Hi Melissa and readers,
Thanks for being willing to ask uncomfortable questions when at times we seem to be encouraged just to accept without judgement. God has always called us to exercise holy discernment in the things we think about.

I feel I must respond to this. Maybe because the author of the play is a friend and I feel the criticism is unfair. Maybe because I see the real irony in most people appearing to laugh and enjoy the play but then later guilt got the best of them. But mostly because I think Melissa and others are walking a fine line of judgement that is symbolic of larger issues in our church today.
This idea that sin can be defined neatly and we need to take sides on every situation is concerning. If you take the premise of this play seriously for a moment, it was about an infertile couple living in the rural west in a time with no access to fertility treatments, sperm banks, adoption agencies or any hope of having a child.

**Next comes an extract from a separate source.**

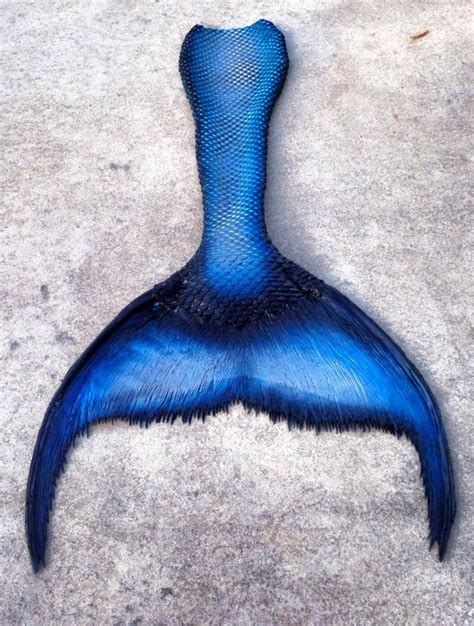 Mobile Uploads Mertailor Mermaid Tails By Eric Ducharme Caudas De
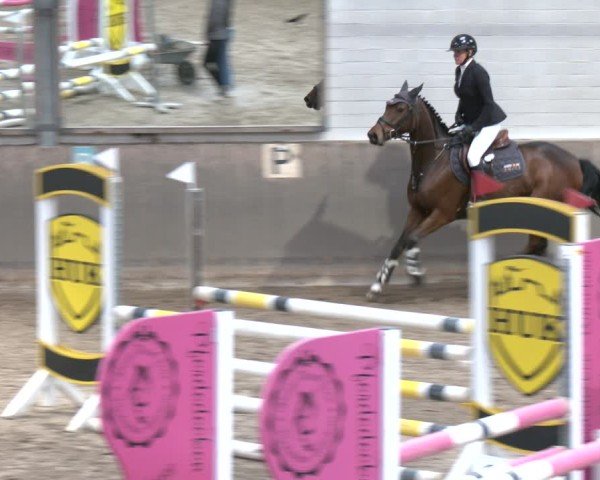 Reitturnier Barsinghausen 2025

The play takes on this real-life tragedy in a humorous way that could be described as three adults coming up with a unique solution to this problem. To define it as sin would potentially condemn many others who have had a child in “non-traditional” ways. I realize the artistic license taken in this play is a bit extreme for some, but our righteous response is more worrisome to me than the content of the play.
This play should have helped us see beyond the simplicity of black and white sin. It should have helped us see that life circumstances are unique for all people and it is never for one person to judge another. If the story line in this play really happened do you really think God would call it sin and condemn that couple or the child? Or would the God of Love embrace them and judge them on the truth in their souls? Our task as Christians is simple, yet seemingly so hard for us to live out. We are to love God and love others as ourselves. How does our constant need to define sin and judge others fit into these commands?